2.9 | Co-elution of EspB and
EspD35-His by nickel affinity chromatography
Co-elution assays were performed as previously described (Luo &
Donnenberg, 2011). Briefly, EPEC ΔespD in the presence or the
absence of an EspD-35His expression vector, was grown
under T3SS-inducing conditions for 7 hr (0.5 mM IPTG was added after 3
hr to induce protein expression). To evaluate the ability of mAb-EspB-B7
to inhibit the interaction between EspB and EspD, 100 or 200 nM of
mAb-EspB-B7 were added to EPEC ΔespD expressing
EspD-35His sample. The supernatants, containing
secreted EspD-35His and EspB, were collected by
centrifugation (20000 × g for 5 min) and were passed through a
0.45-μm-pore-size filter. Protease inhibitor solution was added to the
samples (200 mM PMSF and 1 µM benzamidine), and they were incubated with
Ni-NTA resin while being rotated overnight at 4°C. The samples were then
loaded on gravity columns, and the flow-through was collected. The
columns were washed three times with 5 mL of washing buffer (30 mM
phosphate buffer pH 7.5, 500 mM NaCl, 50 mM imidazole), and proteins
were eluted using elution buffer (30 mM phosphate buffer pH 7.5, 500 mM
NaCl, 500 mM imidazole).
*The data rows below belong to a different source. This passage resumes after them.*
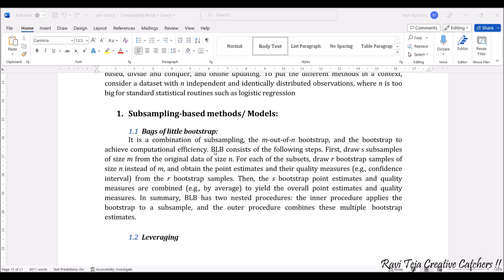From all the r bootstrap samples we obtain the point estimates and their quality measures. The s bootstrap estimates and quality measures are combined, or averaged, in order to yield the overall point estimates as well as quality measures.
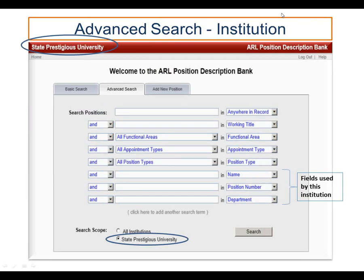There are also advanced search options. It's easiest to think of two kinds: an institutional level advanced search or a global advanced search. This is an institutional level search because the user from State Prestigious University has selected their institution through the radial button. It includes the ability to do keyword searches on two fields and to also identify functional areas, appointment type, and position type from the required metadata. At the institutional level, the system also gives immediate searching access to the fields they have identified to use at their institution — in this case, name, position number, and department.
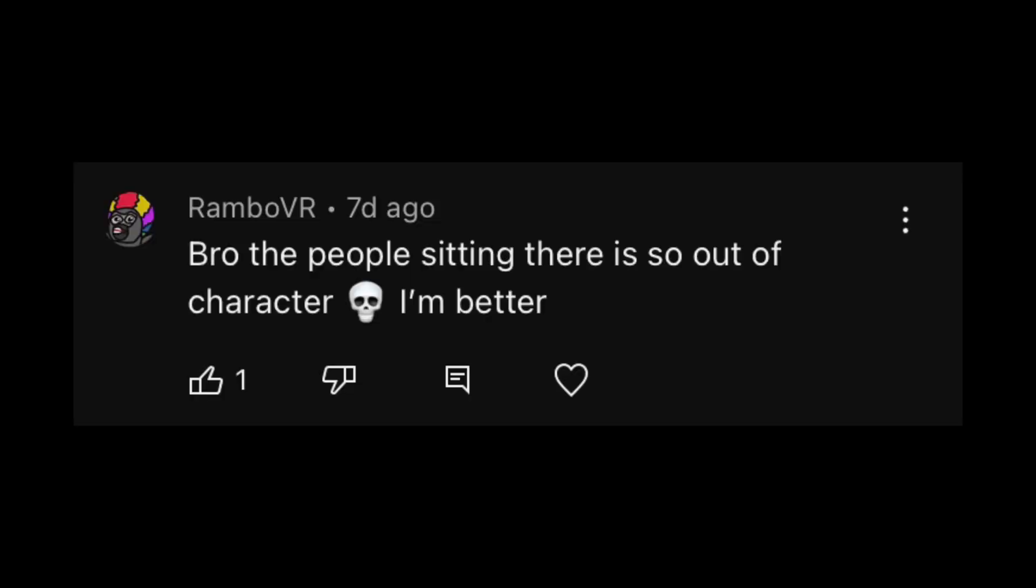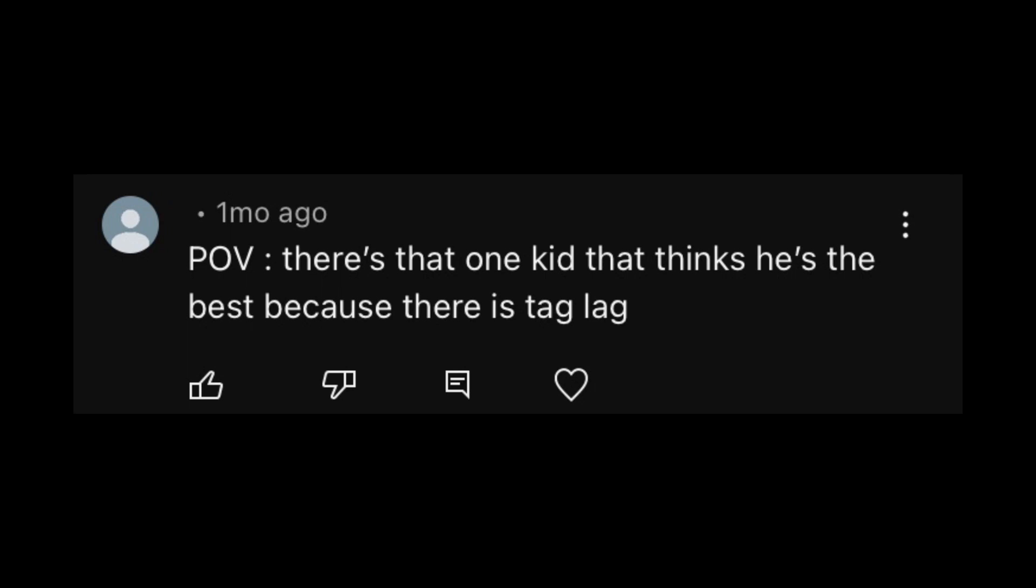Bro, the people sitting there is so out of character. I'm better. I'm sure you are. Um, RamboVR, you know what? 1v1 me. POV there's that one kid that thinks he's the best because there's tag lag.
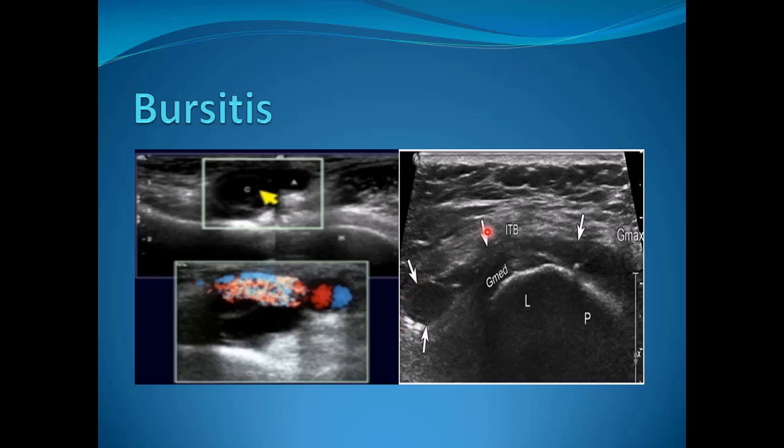This is another example of trochanteric bursitis, shown here adjacent to the gluteus medius tendon.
Equal volumes of the supernatant and the eluate
samples were precipitated with 10% (v/v) TCA for 1 hr at 4°C,
centrifuged (30 min, 16000 × g , 4°C), air dried, and dissolved in
SDS-PAGE sample buffer. Supernatants and eluted samples were analyzed by
SDS-PAGE and western blotting using mouse anti-His and mouse anti-EspB
antibodies, to avoid detection of the human mAB-EspB-B7 antibody.